Exactly as they appear below, repeat the lines from the one with "Încarcă imaginea în" through the one with "Exterior view of", and no others.

▶ _DATASET CONTENT_

*** Block opens ***

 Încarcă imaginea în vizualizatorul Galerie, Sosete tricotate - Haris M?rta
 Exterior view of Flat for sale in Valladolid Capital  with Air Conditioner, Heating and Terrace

*** Block closes ***
*** Block opens ***

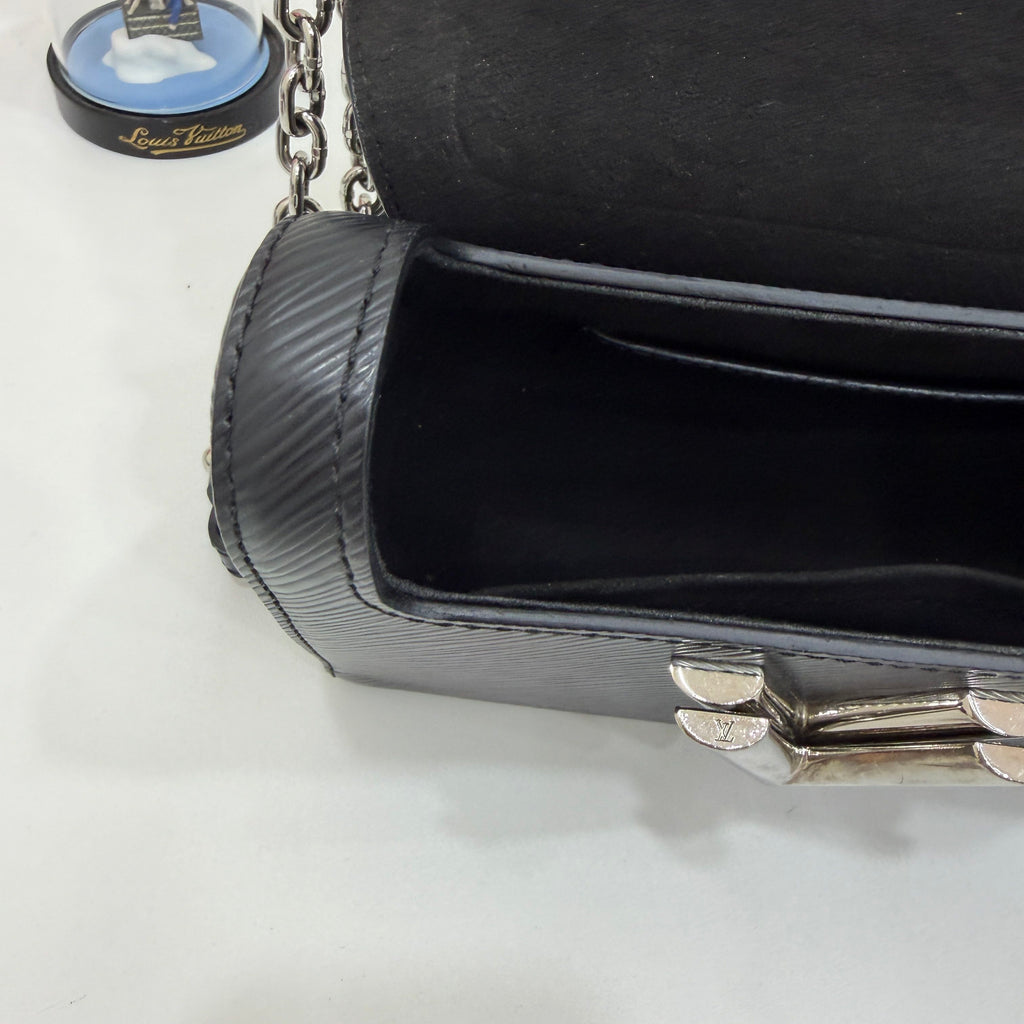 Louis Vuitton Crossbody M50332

*** Block closes ***

▶ _REPLY TO THE EXERCISE_
 Încarcă imaginea în vizualizatorul Galerie, Sosete tricotate - Haris M?rta
 Exterior view of Flat for sale in Valladolid Capital  with Air Conditioner, Heating and Terrace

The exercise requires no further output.